Temporal Timeline
Taking the learnings from Atomic, we wanted to dig deeper into atomising articles and see how well it helps us render a story in different formats, starting with the timeline, heatmap etc. formats.
Here we first split each article into one or more events, each of which is a self-contained unit, i.e. Atom, and then try to append the atom to the timeline of its corresponding story. The timeline is a sequence of events that are ordered by their temporal information, such as date and time.
See demo here.
See the backend logic here.
Tech
- Scroll Vector Database for semantic search on latest articles.

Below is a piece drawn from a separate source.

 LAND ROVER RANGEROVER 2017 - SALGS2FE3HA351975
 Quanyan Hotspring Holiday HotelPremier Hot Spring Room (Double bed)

- PidanticAI for agentic framework.
- FastAPI for backend API.
- Vue.js for frontend.
Experiments
Atomic Events from full Adani coverage
We parsed events from all the articles related to Adani (keyword match), and assigned them different storylines based on their semantic similarity. This way, the primary timelines were created. We also tried to cluster the events using hcluster algorithm, and got a good intuition via real-time visualisation of the clusters by adjusting the distance threshold. This helped us identify related events and group them together in the timeline.
Learnings
The News Atom and Timelines
The News Atom concept is powerful for structuring news articles into self-contained units of information. This allows us to create timelines that are more granular and easier to navigate.
However, with more data, it might get expensive to keep appending atoms to the timeline. So we need to be mindful of the cost and optimize the process accordingly.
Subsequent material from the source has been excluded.